But it seems to be some design flaw in BGW, isn' it?

--
Sent via pgsql-hackers mailing list (pgsql-hackers@postgresql.org)
To make changes to your subscription:
http://www.postgresql.org/mailpref/pgsql-hackers

Craig Ringer

craig@2ndquadrant.com

over 10 years ago

In reply to: Konstantin Knizhnik (#7)

Re: Logical replication and multimaster

On 3 December 2015 at 14:54, konstantin knizhnik <k.knizhnik@postgrespro.ru>
wrote:

I'd really like to collaborate using pglogical_output if at all possible.
Petr's working really hard to get the pglogical downstrem out too, with me
helping where I can.

And where I can get pglogical_output plugin? Sorry, but I can't quickly
find reference with Google...

It's been submitted to this CF.

https://commitfest.postgresql.org/7/418/

https://github.com/2ndQuadrant/postgres/tree/dev/pglogical-output

Any tests and comments would be greatly appreciated.

I have a version compatible with 9.4 and older in a separate tree I want to
make public. I'll get back to you on that later today. It's the same code
with a few more ifdefs and an uglier structure for the example hooks module
(because it can be a separate contrib)¸so it's not that exciting.

You should be able to just "git remote add" that repo, "git fetch" and "git
merge dev/pglogical-output" into your working tree.

Also I wonder if this plugin perform DDL replication (most likely not).

No, it doesn't. The way it's done in BDR is too intrusive and has to be
reworked before it can be made more generally re-usable.

How I envision DDL replication working for pglogical (or anything else) is
to take the DDL hooks added in 9.5 and use them with a separate DDL deparse
extension based on Álvaro's deparse work. If you want to replicate DDL you
make sure this extension is loaded then use it from your event triggers to
capture DDL in a useful form and write it to a queue table where your
downstream client can find it and consume it. That way the deparse code
doesn't have to be embedded in the Pg backend like it is in BDR, and
instead can be a reusable extension.

But then naive question - why DDL was excluded from logical replication

protocol?

logical decoding can't handle DDL because all it sees is the effects of
that DDL in the xlog as a series of changes to catalog tables, relfilenode
changes, etc. It can't turn that back into the original DDL in any kind of
reliable way. A downstream can't do very much with "rename relfilenode 1231
to 1241".

There are a few cases we might want to handle through decoding - in
particular I'd like to be able to decode changes to rows in shared catalogs
like pg_authid, since we can't handle that with DDL deparse. For things
like DROP TABLE, CREATE TABLE, etc we really need DDL hooks. At least as I
currently understand things.

So we try to capture DDL at a higher level. That's why event triggers were
added (http://www.postgresql.org/docs/current/static/event-triggers.html)
and why DDL deparse was implemented (
https://commitfest-old.postgresql.org/action/patch_view?id=1610).

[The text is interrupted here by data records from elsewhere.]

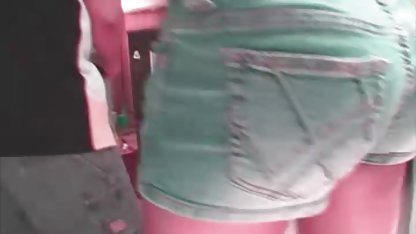 Pelo rizado perra follada anal sobre una mesa de culioneros pagina billar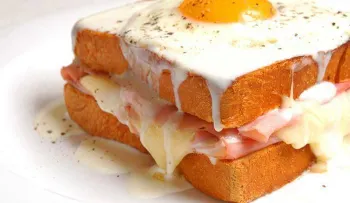 Lo ideal es que las personas desayunen máximo una hora después de levantarse 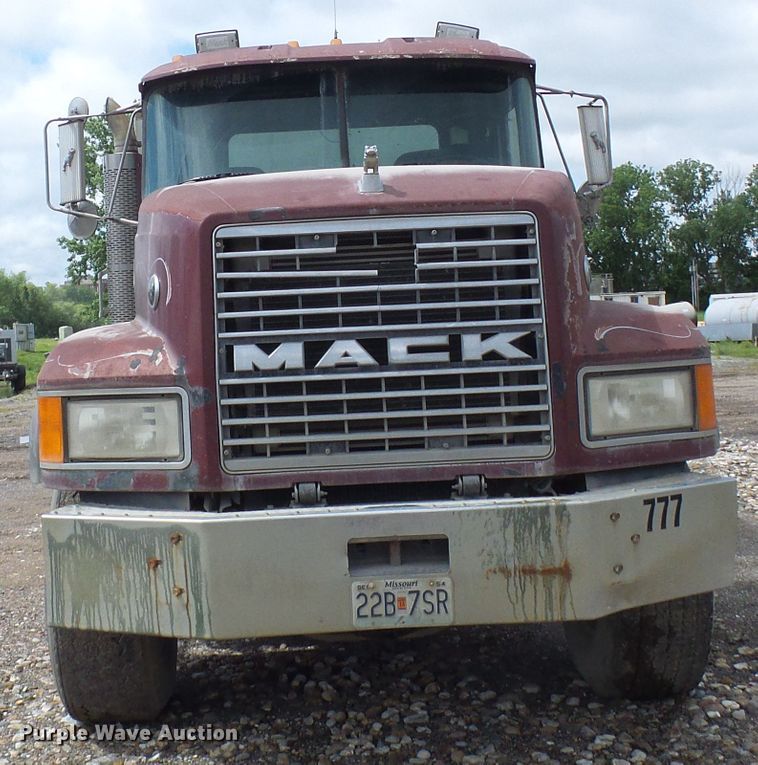 image for item DG5716 1997 Mack CL713 dump truck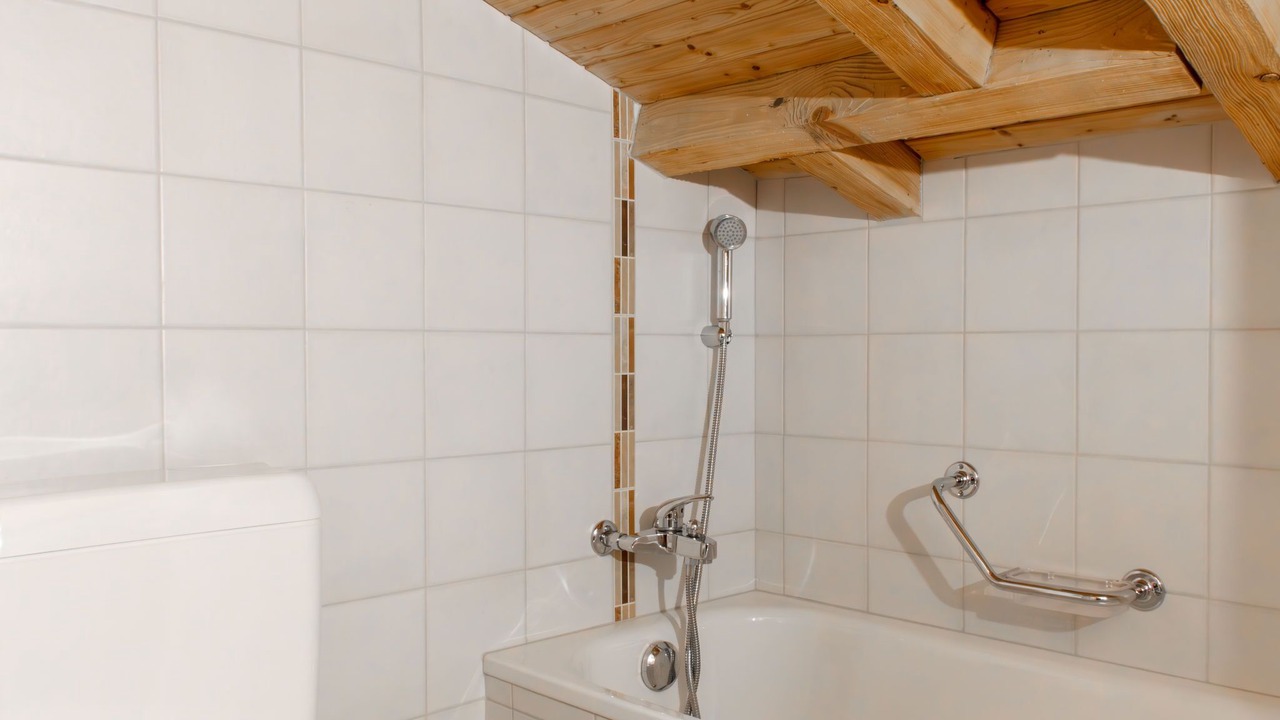 Photo of Bathroom in Saint-Pierre-de-Clages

You can't just capture the raw DDL statement since there are issues with
search_path normalization, etc. Similar problems to statement based
replication exist. Deparse is required to get the DDL after it's converted
to a utility statement so we can obtain it in an unambiguous form.

I'll add some explanation in pglogical_output's DESIGN.md for why DDL is
not currently handled.

BTW, TRUNCATE _is_ handled by the way. In pglogical we use regular TRUNCATE
triggers (marked tgisinternal) for that. There are some significant
complexities around foreign keys, sequence reset, etc, which are not fully
handled yet.

Are there some principle problems with it? In BDR it was handled in

alternative way, using executor callback. It will be much easier if DDL can
be replicated in the same way as normal SQL statements.

It can't. I wish it could.

--
Craig Ringer http://www.2ndQuadrant.com/
PostgreSQL Development, 24x7 Support, Training & Services

#10

Shulgin, Oleksandr

oleksandr.shulgin@zalando.de

over 10 years ago

In reply to: Craig Ringer (#9)

Re: Logical replication and multimaster

On Thu, Dec 3, 2015 at 8:34 AM, Craig Ringer <craig@2ndquadrant.com> wrote:

On 3 December 2015 at 14:54, konstantin knizhnik <
k.knizhnik@postgrespro.ru> wrote:

Are there some principle problems with it? In BDR it was handled in
alternative way, using executor callback. It will be much easier if DDL can
be replicated in the same way as normal SQL statements.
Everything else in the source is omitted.